▶ [Action item] Write the listing below out again exactly, dropping the images.

▶ [Excerpted data]
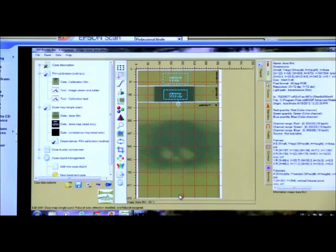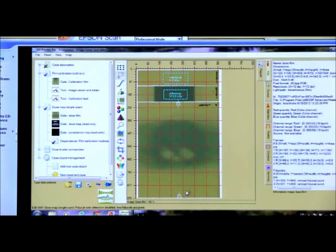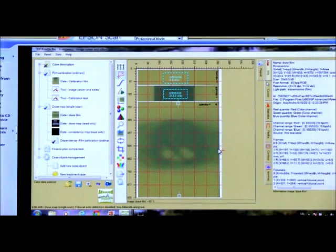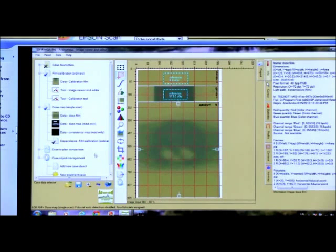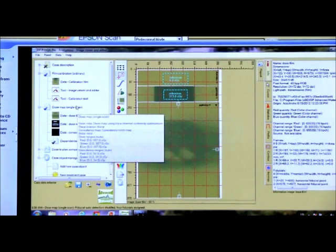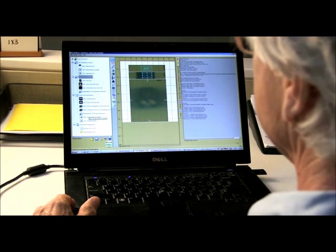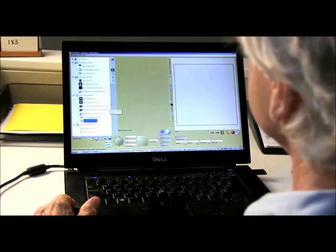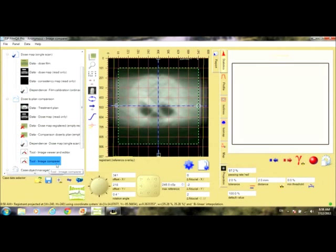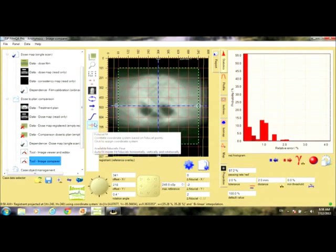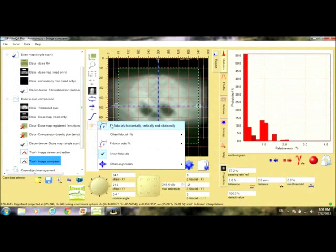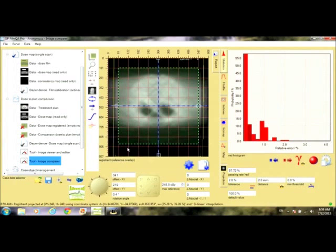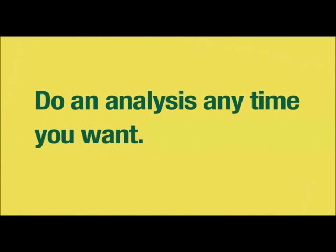Now, here's where you select the fiducial marks you placed on the film before exposure. When you start the calculations to recalibrate and compute your dose map, it will be ready for automatic alignment with the plan. Here's the dose map, and here's the plan, and here's the tool to register them. Now, you've got your answer in minutes. No waiting overnight for post-exposure changes to diminish. They no longer get between you and your results. And you can do an analysis any time you want, even at a moment's notice.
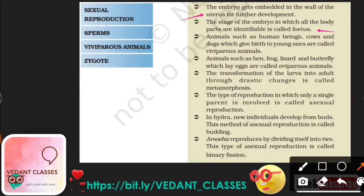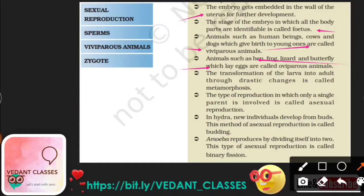Animals such as human beings, cows, and dogs which give birth to young ones are known as viviparous animals. Animals such as hen, frog, lizard, and butterfly lay eggs and are called oviparous animals. The transformation of the larva into an adult is called metamorphosis.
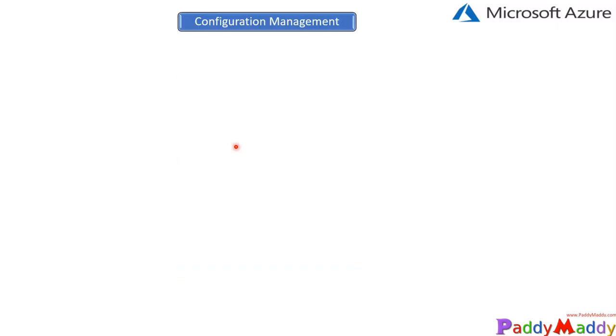Hello and welcome back. In this lecture, we're going to learn about the extensions and configuration management of your virtual machines. As you know, we have created multiple virtual machines and we know how to create them, but have you ever thought about...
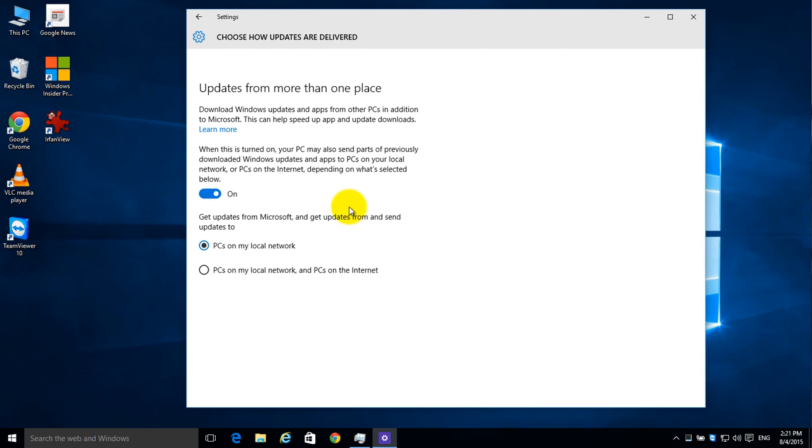And this is where it describes what you're going to be doing, or what it wants to do, and by default it's turned on.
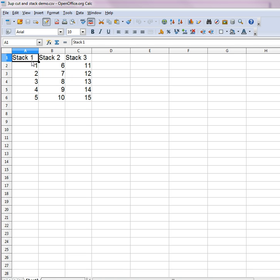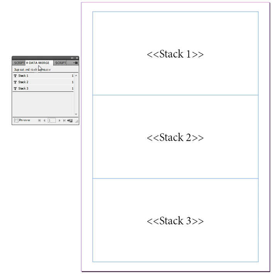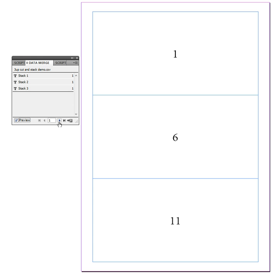Then the trick to this is when you connect your data up using data merge in InDesign you have stack 1 there, stack 2 there and stack 3 there. So when this merges of course you already have cut and stack and you don't need to do anything in another imposition program.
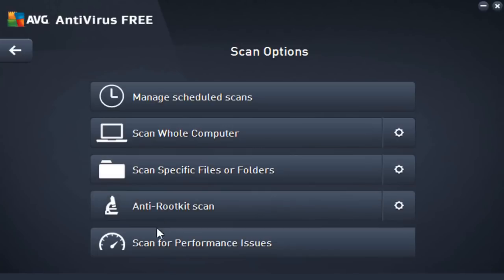You can also scan for performance issues, but in order to do this you'll need to download AVG's own tuneup software, which I did not find necessary to do. But if you want to, you can. It scans for like registry errors and other stuff of that nature.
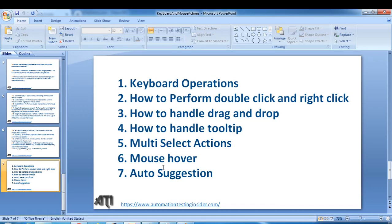Hello friends, welcome back to automationtestinsider.com. In the last video we talked about how to handle tooltips, and in this video I'll show you how to handle multi-select actions. Sometimes we would be in a situation where we have to select multiple items from a list box or from a text area, so the question is how to handle that kind of scenario. Let me give you an example so you can understand, and then we'll see a demo.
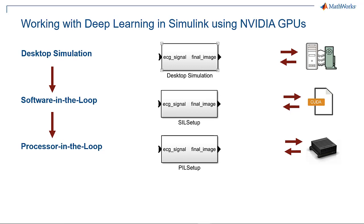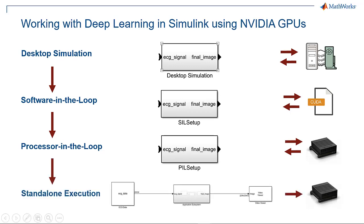Finally, we deployed the complete classification application to the Jetson in standalone execution mode and observed the output. You can perform a similar workflow to verify and deploy your deep learning application using GPU Coder from Simulink.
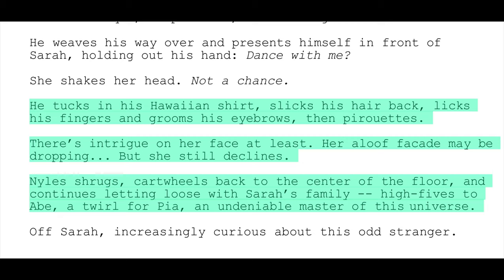Same in the next section, with the use of the double dash. Niall shrugs, cartwheels back to the center of the floor, and continues letting loose with Sarah's family. High fives to Abe, a twirl for Pia — an undeniable master of this universe. That's such a great line and it tells us so much about who this guy is and why he exists here the way he does. It sums up the concept of the movie. This gives us a look into a character in a way that's smooth and fast across the page, using one to three lines per section to keep the eye moving down the page at a really fast pace.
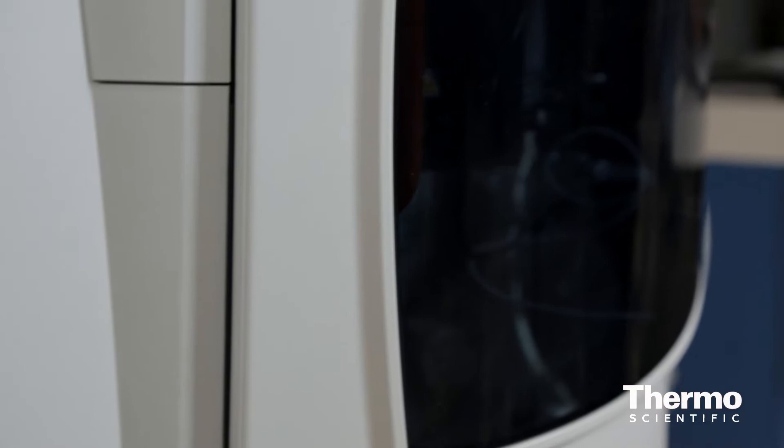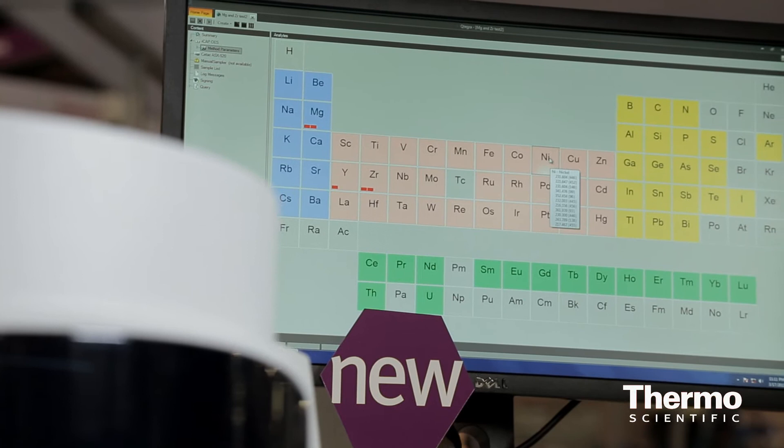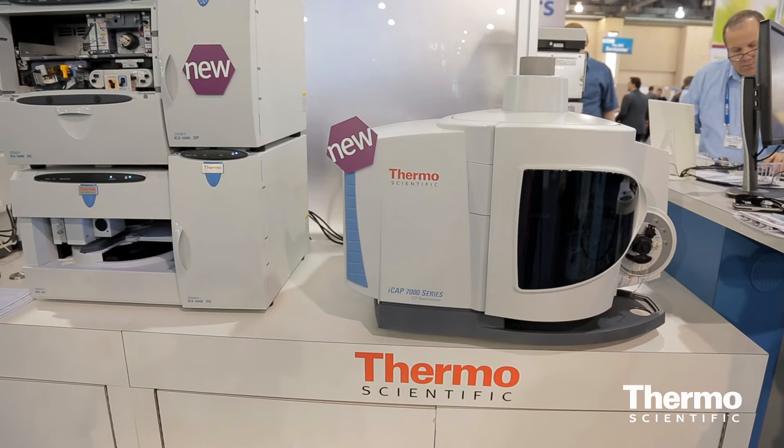Qtegra is really redefining the way that people look at elements and isotopes today. Qtegra itself covers quite a lot of application areas and environments. What we're trying to do is encompass all the applications within an academic research environment all the way through to contract research in much more regulated environments really.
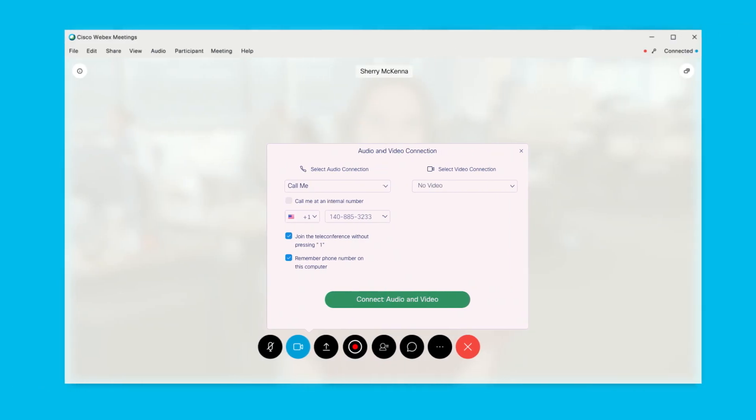If your administrator has enabled it, you will also have the option to record to your computer directly. You will only be able to record on your computer if you are using the Call Using Computer option for your audio.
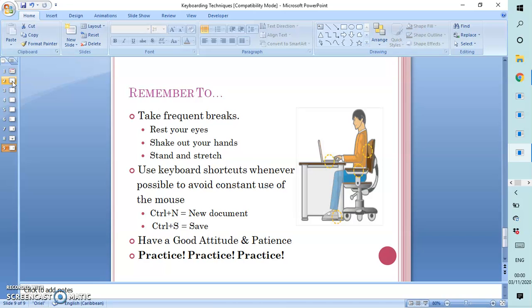And finally, practice, practice, practice. Practice can never be enough for a typist. Because the more the typist practices, the better the technique will be.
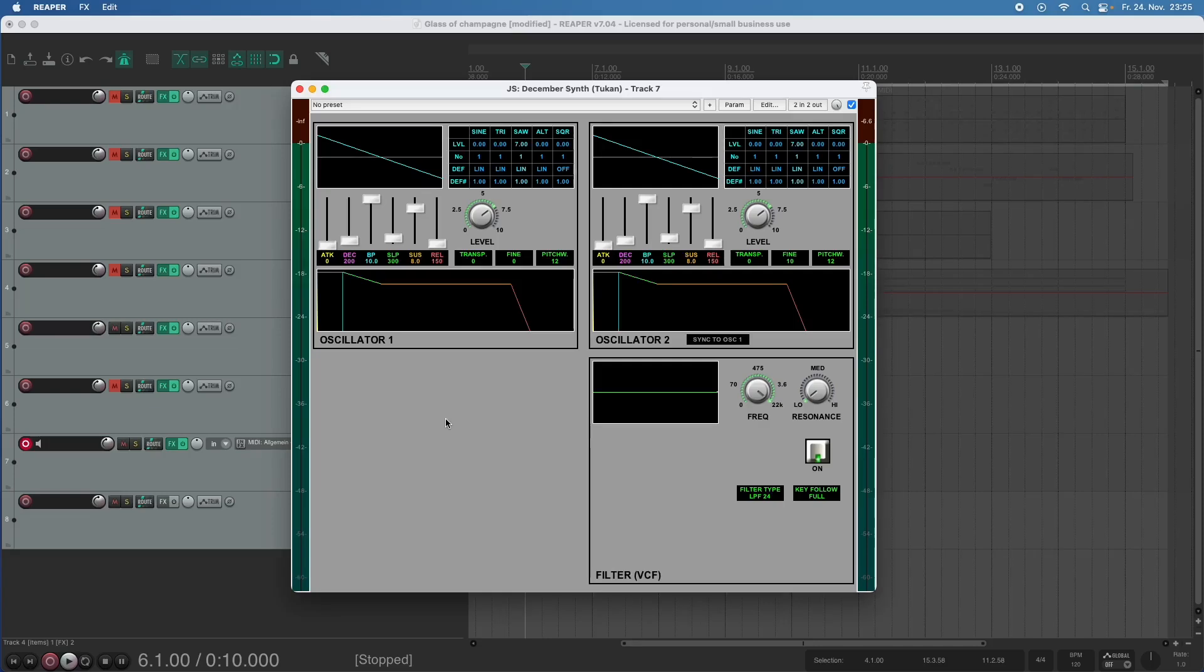Hi everybody! Yes, the plugin window got bigger again and yes, we're getting a completely new feature and this time it's about filtering.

▶ [Reply to the task]
Now, here's where you select the fiducial marks you placed on the film before exposure. When you start the calculations to recalibrate and compute your dose map, it will be ready for automatic alignment with the plan. Here's the dose map, and here's the plan, and here's the tool to register them. Now, you've got your answer in minutes. No waiting overnight for post-exposure changes to diminish. They no longer get between you and your results. And you can do an analysis any time you want, even at a moment's notice.
Animals such as human beings, cows, and dogs which give birth to young ones are known as viviparous animals. Animals such as hen, frog, lizard, and butterfly lay eggs and are called oviparous animals. The transformation of the larva into an adult is called metamorphosis.
Hello and welcome back. In this lecture, we're going to learn about the extensions and configuration management of your virtual machines. As you know, we have created multiple virtual machines and we know how to create them, but have you ever thought about...
And this is where it describes what you're going to be doing, or what it wants to do, and by default it's turned on.
Then the trick to this is when you connect your data up using data merge in InDesign you have stack 1 there, stack 2 there and stack 3 there. So when this merges of course you already have cut and stack and you don't need to do anything in another imposition program.
You can also scan for performance issues, but in order to do this you'll need to download AVG's own tuneup software, which I did not find necessary to do. But if you want to, you can. It scans for like registry errors and other stuff of that nature.
Hello friends, welcome back to automationtestinsider.com. In the last video we talked about how to handle tooltips, and in this video I'll show you how to handle multi-select actions. Sometimes we would be in a situation where we have to select multiple items from a list box or from a text area, so the question is how to handle that kind of scenario. Let me give you an example so you can understand, and then we'll see a demo.
Finally, we deployed the complete classification application to the Jetson in standalone execution mode and observed the output. You can perform a similar workflow to verify and deploy your deep learning application using GPU Coder from Simulink.
Same in the next section, with the use of the double dash. Niall shrugs, cartwheels back to the center of the floor, and continues letting loose with Sarah's family. High fives to Abe, a twirl for Pia — an undeniable master of this universe. That's such a great line and it tells us so much about who this guy is and why he exists here the way he does. It sums up the concept of the movie. This gives us a look into a character in a way that's smooth and fast across the page, using one to three lines per section to keep the eye moving down the page at a really fast pace.
Qtegra is really redefining the way that people look at elements and isotopes today. Qtegra itself covers quite a lot of application areas and environments. What we're trying to do is encompass all the applications within an academic research environment all the way through to contract research in much more regulated environments really.
If your administrator has enabled it, you will also have the option to record to your computer directly. You will only be able to record on your computer if you are using the Call Using Computer option for your audio.
And finally, practice, practice, practice. Practice can never be enough for a typist. Because the more the typist practices, the better the technique will be.
Hi everybody! Yes, the plugin window got bigger again and yes, we're getting a completely new feature and this time it's about filtering.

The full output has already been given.